The awards ceremony is the brainchild of Survé Philanthropies and will be honouring individuals and organisations who have made and are making a social impact in education, children, women, human rights, media, technology, and alike.
Director at Survé Philanthropies, Dr Iqbal Survé, said it is an umbrella body for seven different foundations, each with a specific focus area and has been involved in philanthropic work for just over two decades.
“As a family, we have decided to give most of our wealth away. You cannot live in an ivory tower when there is so much poverty on the other side of the city,” said Survé.
Survé says the idea for the awards was born from his family’s personal experiences, having started from humble beginnings.
He and his sisters were all recipients of bursaries and this allowed them to complete their studies.
“I do not come from a wealthy family. One of the first things I did when I started working as a doctor, was to donate part of my salary towards bursaries so that other young people could study,” said Survé.
Recipients of the Imagine Awards will receive huge publicity which will benefit their brand and they will be able to seek funding from other donors.

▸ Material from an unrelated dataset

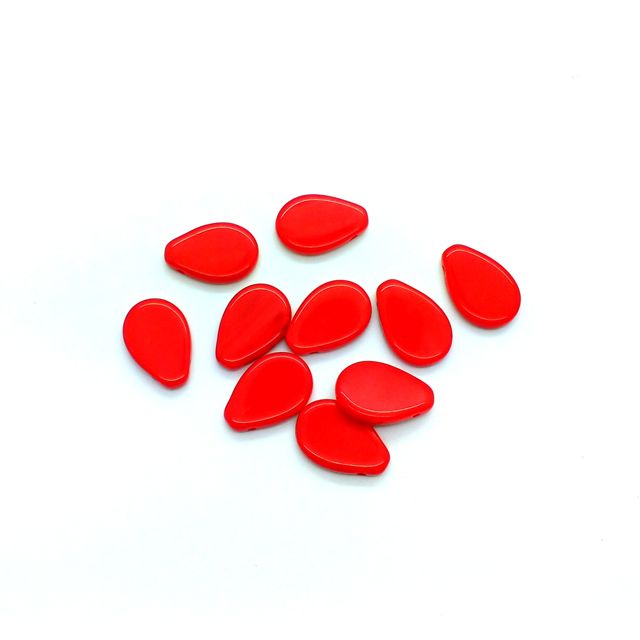 Flat Drop 12x18mm Red Opaque Flat Top Drilled Czech Glass Bead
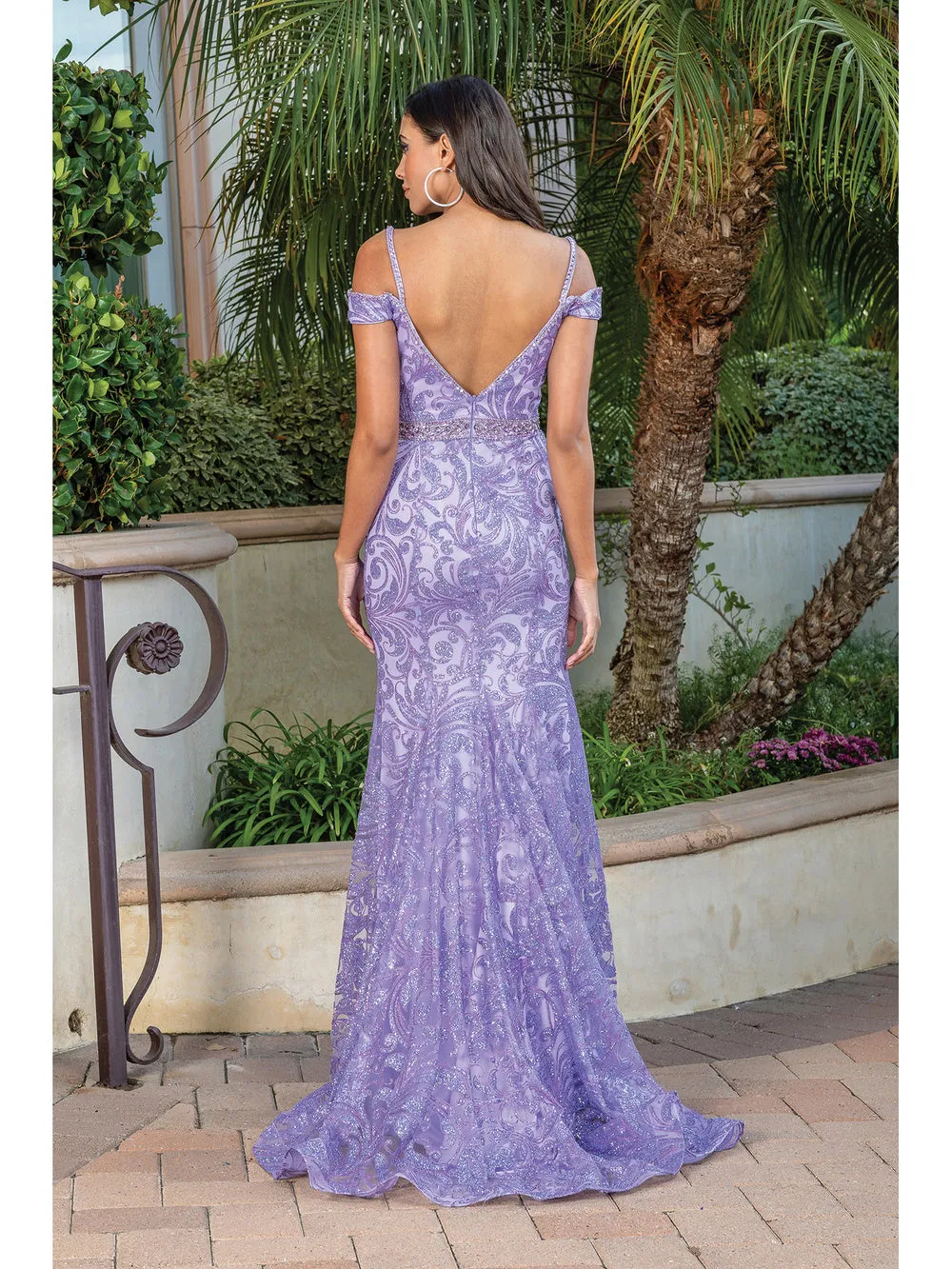 DQ 2772- Glitter Patterned Off the Shoulder Fit & Flare Prom Gown V-Neck & Beaded Belt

This year, the event has attracted 100 entries and Survé said they hope that by next year this figure will climb to 1 000.

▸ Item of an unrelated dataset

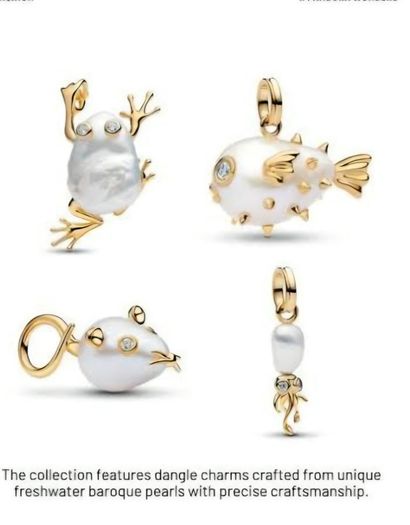 Pandora Wonders Collection Treated Freshwater Cultured Baroque Pearl Mouse Dangle Charm New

Key to the event is putting NGOs and individuals on the map so that they can access more funding and improve on the good work that they are already doing.
Winners on the night will receive training and support on an ongoing basis to unearth their potential.

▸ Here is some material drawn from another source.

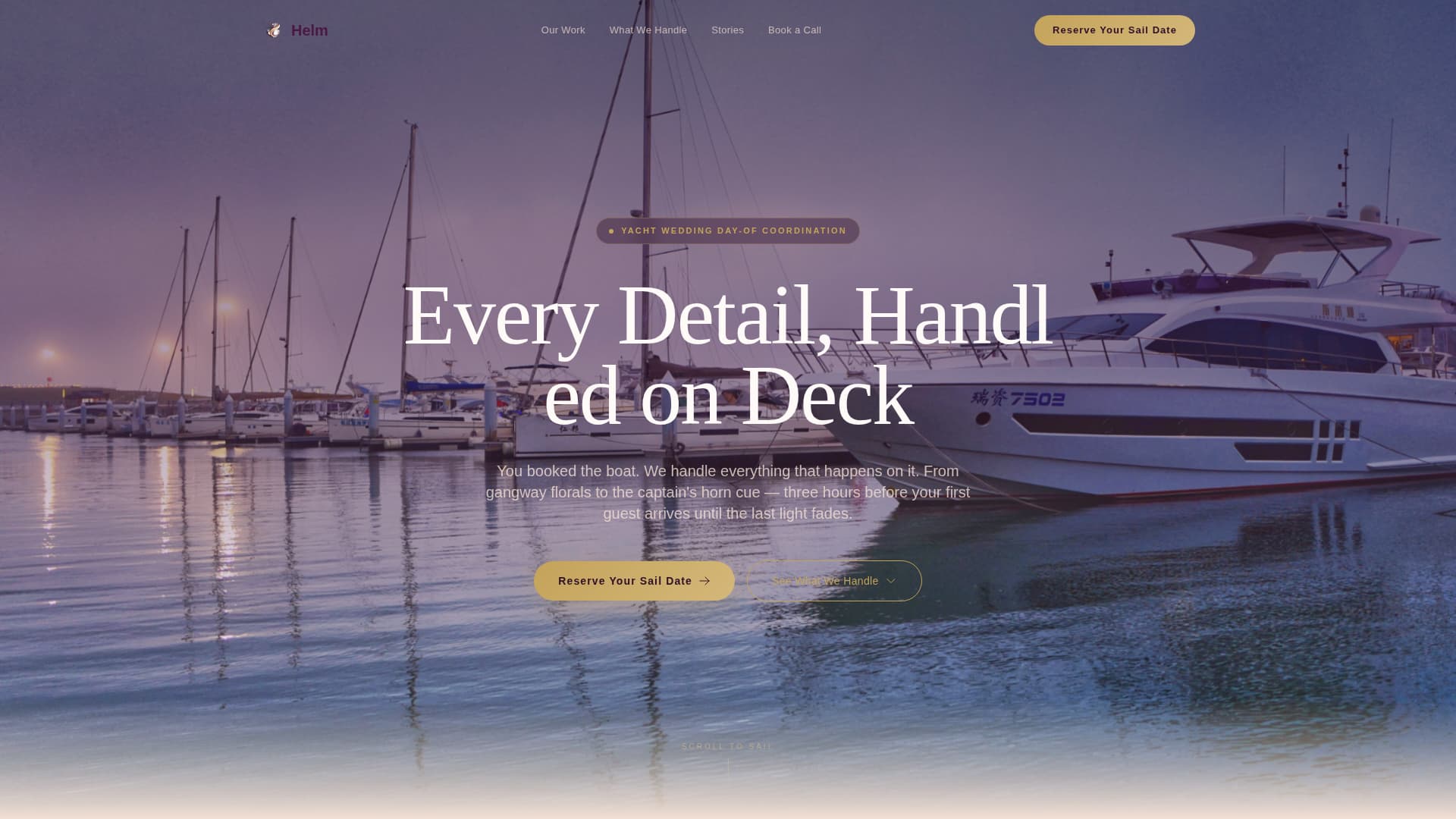 Helm - Seamless Yachtwedding Landing Page Template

“The award is a validation of community building and best practice. There will be a cash prize but it is the training and support that will help organisations more,” added Survé.
Survé said raising money from the donor community is a “science” and an “art” and the awards will empower individuals and NGOs.
“There are many organisations doing fantastic work but they lack the skills set, for example, writing proposals. This is where the support and prizes will come in handy,” said Survé.
“This is not a marketing exercise. We are doing it for the right reasons,” he said.
Survé Philanthropies concluded that it has noticed that civil society is struggling as many donors have pulled out and it is now stepping in to create a better society for all.